Increasingly both lawmakers and
analysts have decried
the presence of some of these on the books as sapping the state’s revenues
for little beneficial impact. The trenchancy of this condition has accelerated
as the state continues to fight its way past revenues over the past few years
that struggled to keep up with escalating costs. Some lawmakers hope to deal
with this issue in the upcoming legislative session, but the constitutional requirement
of a two-thirds vote this year to disband these plus Gov. Bobby
Jindal’s strong tendency to see these as tax increases the concept of which
he doesn’t support makes that difficult. And as in 2016 constitutionally the
Legislature cannot take up these items in a regular session that may push back
reforms until 2017.
Yet a number of states lead by
Republicans are looking to make tax cuts in this coming years. Fresh off of
elections that in some cases brought them to power and in other cases increased
their majorities – in some cases because they cut taxes – these states look to
continue momentum in this direction, even if cautiously
given that some states have budget environments not dissimilar to Louisiana’s.

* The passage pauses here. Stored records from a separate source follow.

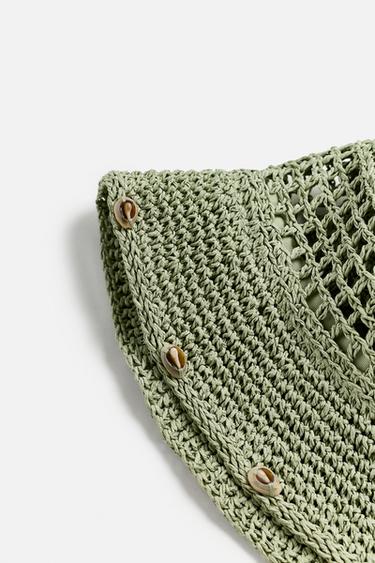 CROCHET HAT WITH SHELLS - Light green by Zara - Image 2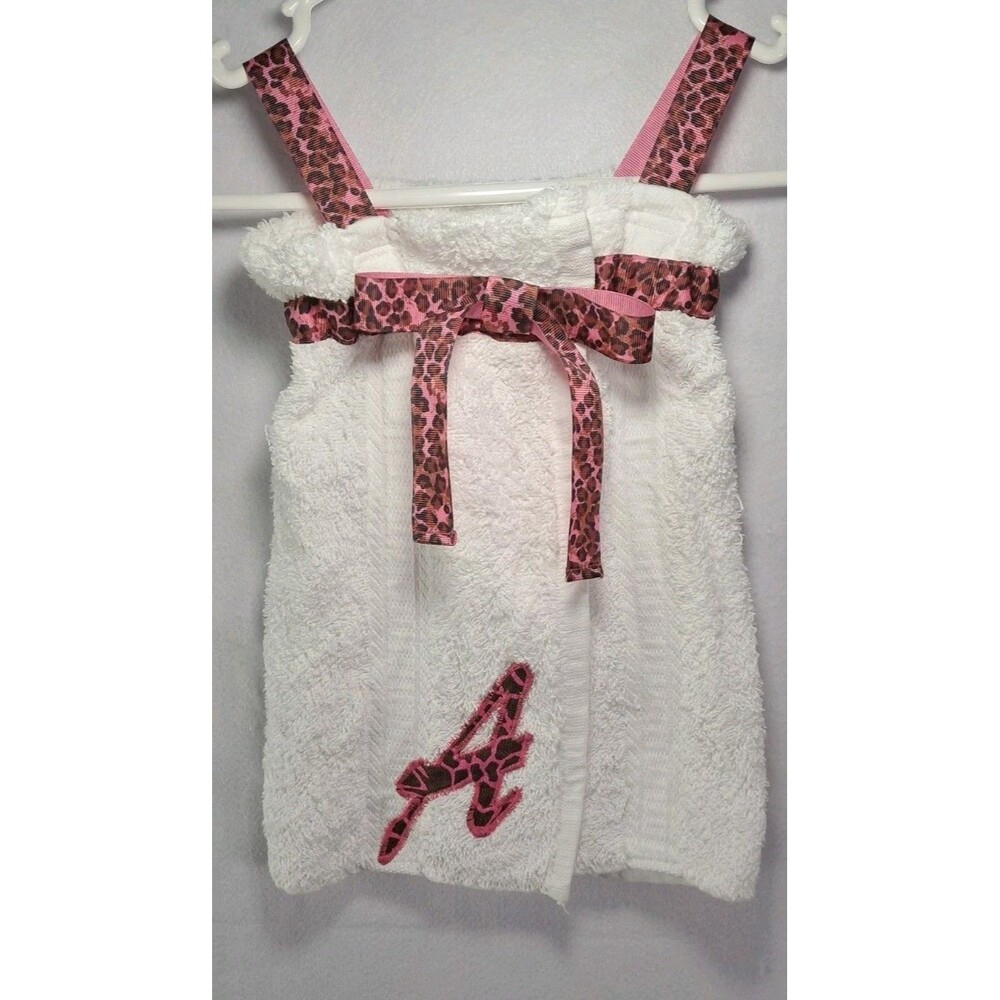 Baby Girl Towel Dress A Monogram Pink Cheetah Handmade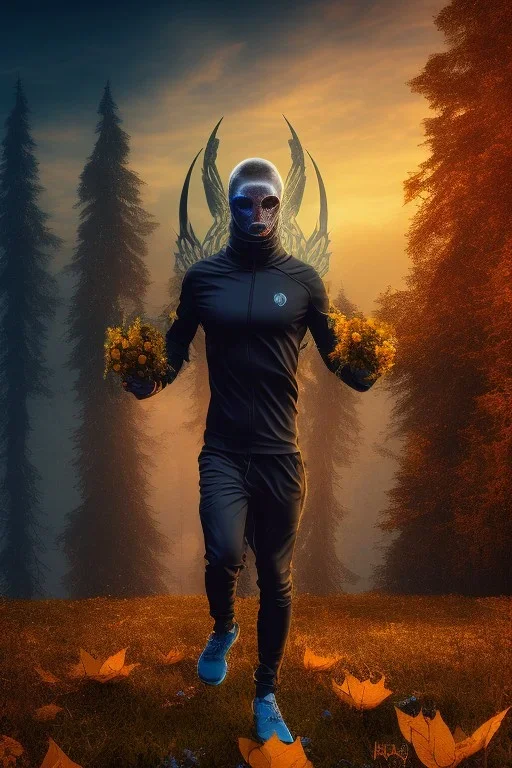 running alien portrait , black jogging suite , in the sunset Alps, golden light , holding leaves and flowers , angels background, volumetric light, high detail, dark leaf tree, dark mountains in background, perfect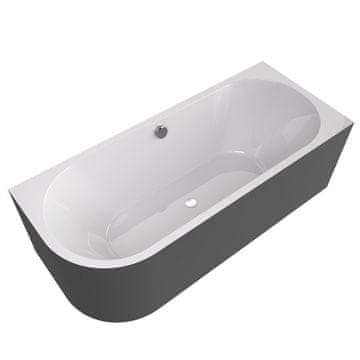 POLYSAN VIVA R MONOLITH asimetrična samostojeća kada 180x75x60 cm, bijela/crna, akrilat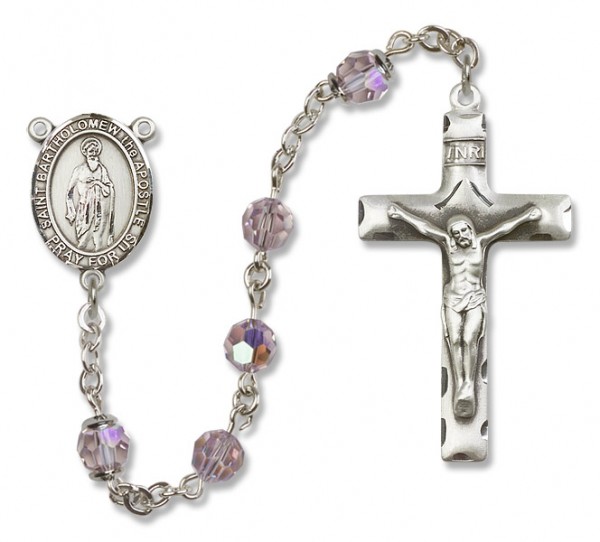 St. Bartholomew Sterling Silver Heirloom Rosary Squared Crucifix - Light Amethyst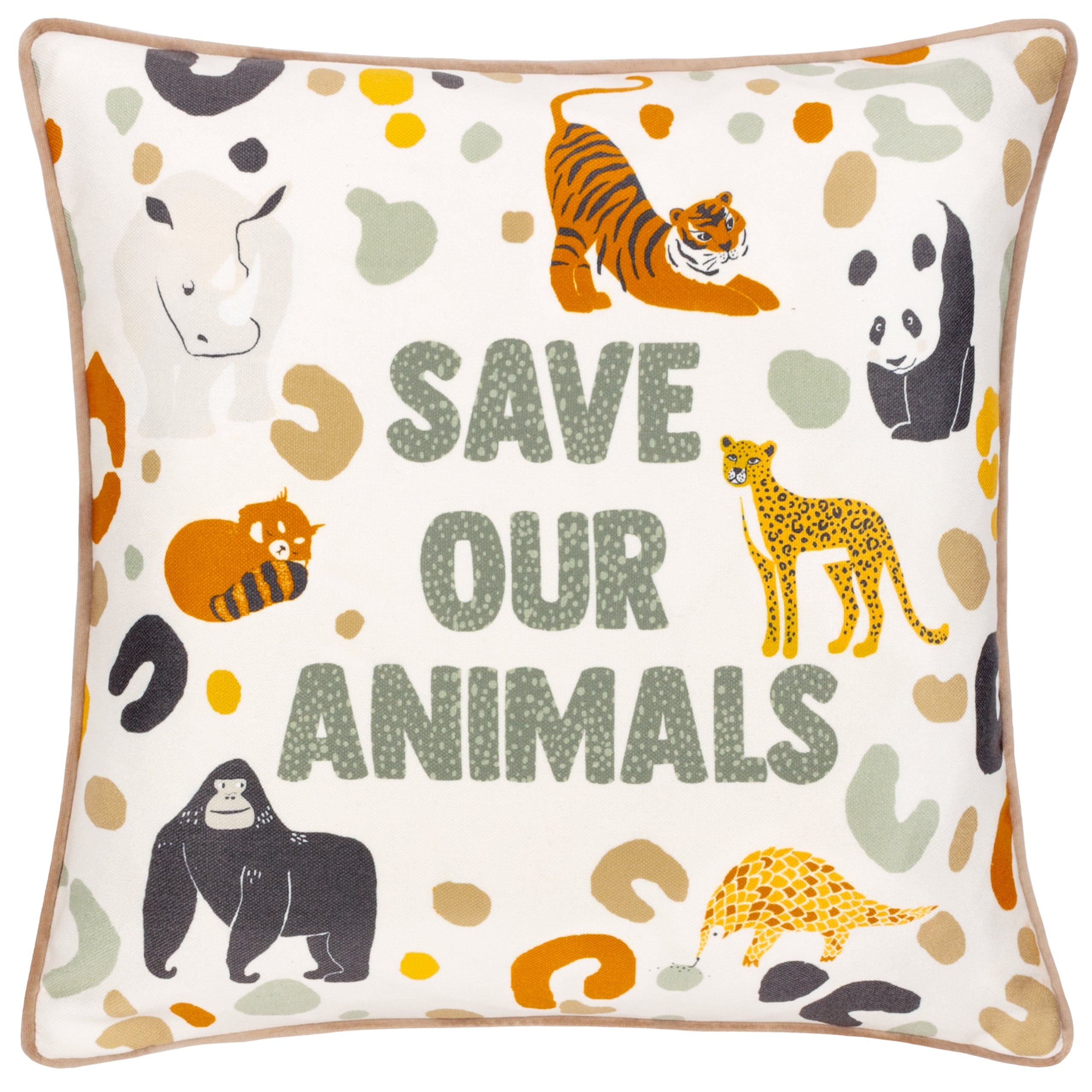 Wildlife Save Our Animals Piped Cushion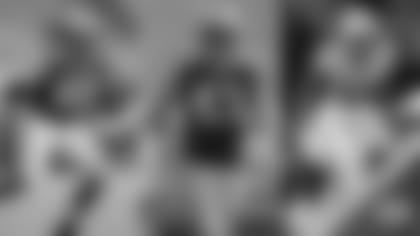 T David Bakhtiari (left), LS Hunter Bradley (center), and LB Za'Darius Smith (right)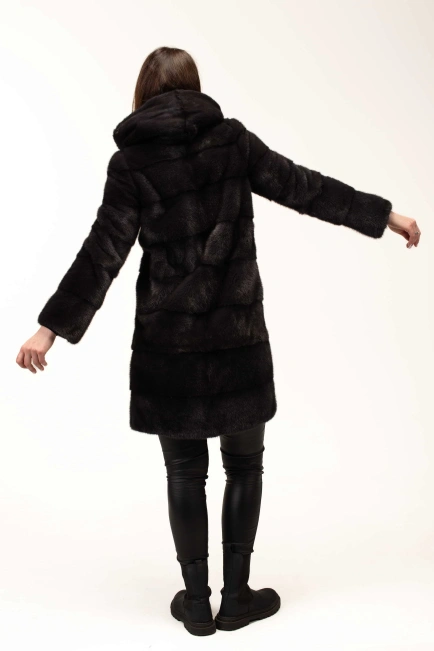 Норковая шуба в цвете графит-2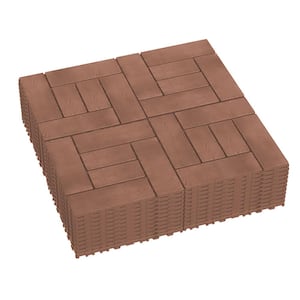 12 in. 44-Pcs Patio Deck Tiles, DIY Module Interlocking Deck Tiles, Easy and Quick Installation, Brown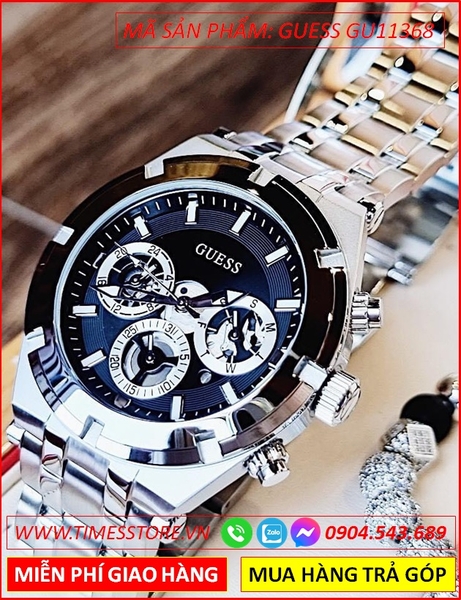 Đồng Hồ Nam Guess Mặt Tròn Đen 6 Kim Dây Kim Loại Silver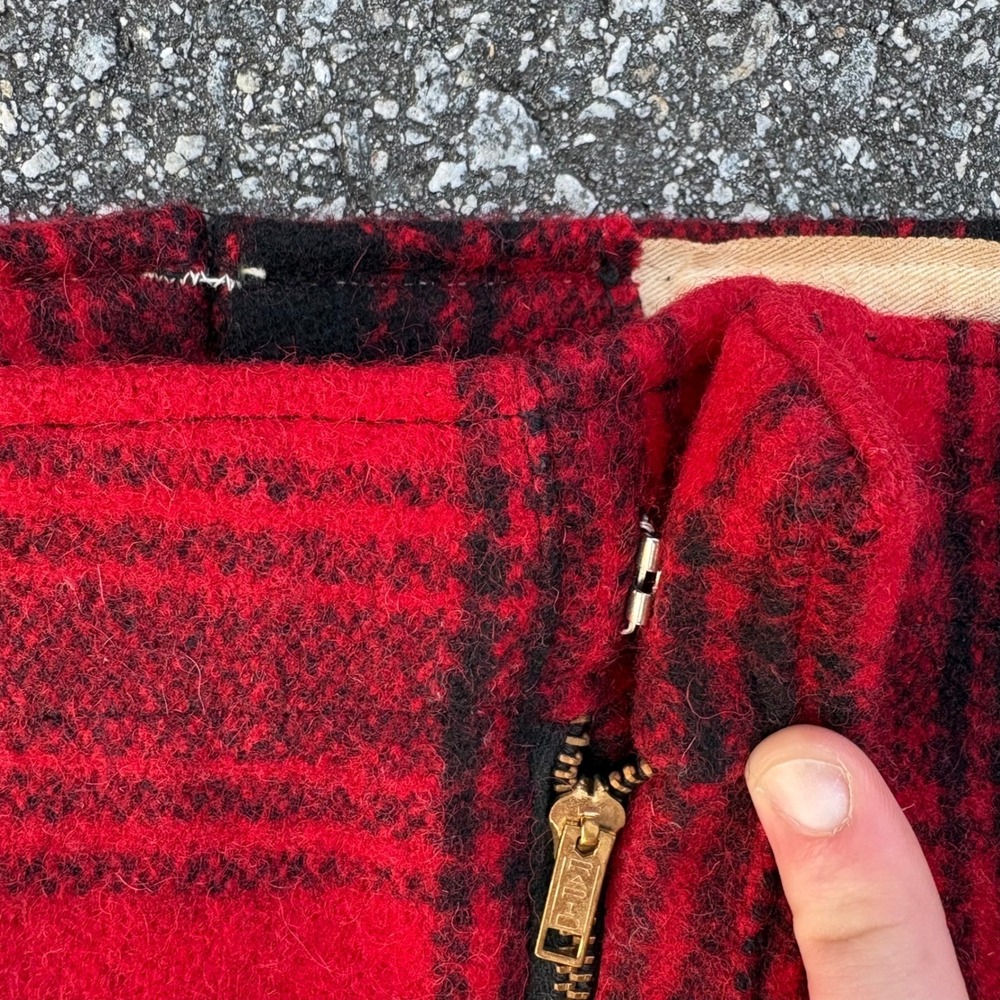 Vintage 50s 60s Wool Hunting Pants Buffalo Plaid Red Black Knit Cuff Talon Zip - Picture 2 of 7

Their lessons, added to those
learned with the Pres. Ronald Reagan
cuts at the national level in the early 1980s (even if partially undone in the
latter part of the decade), should lead to three caveats in regard to the basic
underlying theory: that diverting money from the less-efficient government
sector to the more-efficient private sector produces economic growth reflected
in tax revenues collected by government. The trick is to ensure that, over
time, enough replacement revenues can be generated to fulfill genuine spending
needs.
One condition is to know where the
state’s tax rate rests on the “Laffer Curve,” which is a curvilinear function
based upon revenue collected at a given tax rate. Simply, higher than a certain
rate begins to depress total revenues because it leaves too little capital
available in the private sector to create sufficient wealth to offset the money
confiscated. Higher-tax states like California may be closer, if not past, the
apogee of the curve, meaning tax cuts actually might produce more revenue or
lose relatively little than with lower tax states.
Another is that this decision must
be made in the context of what spending truly is needed in a state. Few, if
any, states probably are on the right side of the curve, so even as increased
private sector activity boosts revenues, they unlikely will match through this
policy in isolation what is forgone in tax cuts. But if the state is spending
superfluously on tasks that do not need to be performed by government, then
those activities should be eliminated and no shortfall is created.
Finally, there must be recognition that
while the decrease in revenues will happen overnight, the eventual regaining of
at least some of them will take time to manifest. It’s easy to stop collecting
but changes in productivity and investment patterns evolve only slowly. Thus,
it takes political will and patience to see them through, also a good recipe
for making spending cuts if need be.
Reviewing Louisiana’s situation,
the opportunity for spending cuts seems minimal, given the relatively
standstill budgets of the past few years that effectively have been balanced
through improved efficiency and through small
reductions to a handful of relatively unneeded tasks. This is not to say that
more could not be done – the relative
generosity of total compensation to state employees, both on the job and
after leaving it, compared to those performing similar tasks in the private
sector is an obvious starting point – but that the impact of those in terms of
reducing spending would be felt significantly only down the road, and should
not be counted upon for the short term.
Also, Louisiana’s income tax burden
is below
average among the states and therefore likely on the left side of the
curve, meaning reductions should occur only when the budget is in better shape
and/or gradually over time. This argues for revenue near-neutrality in any
income tax cutting.
And points to the strategy to
remove tax exceptions. Policy-makers could begin by, for example, phasing out, or
even wiping out for next fiscal year, corporate income taxes, which at fewer than $300
million in FY 2013 hardly constitutes any more than the amount forgone with
the wasteful, less-than-a-quarter-back-on-a-buck-spent motion picture investor
tax credit estimated
for that year in exchange for phasing or wiping out that credit. Throw in
more such credits, and more rate reduction could be done and/or more quickly. Plus,
there’s a bonus in tax simplification added to letting corporations keep more of
what they earn that can be reinvested and/or released to the larger economy
that reduces costs and makes even more capital available.
Eventually, comprehensive
tax reform can improve matters further, but that should be a goal for the
next governor and Legislature. But prior to their seating, this strategy of
swapping exceptions for reduced rates is possible now because it overcomes
political objections in an election year where many policy-makers look ahead to
reelection or election to other future offices. These politicians should make a
New Year’s resolution to undertake such actions.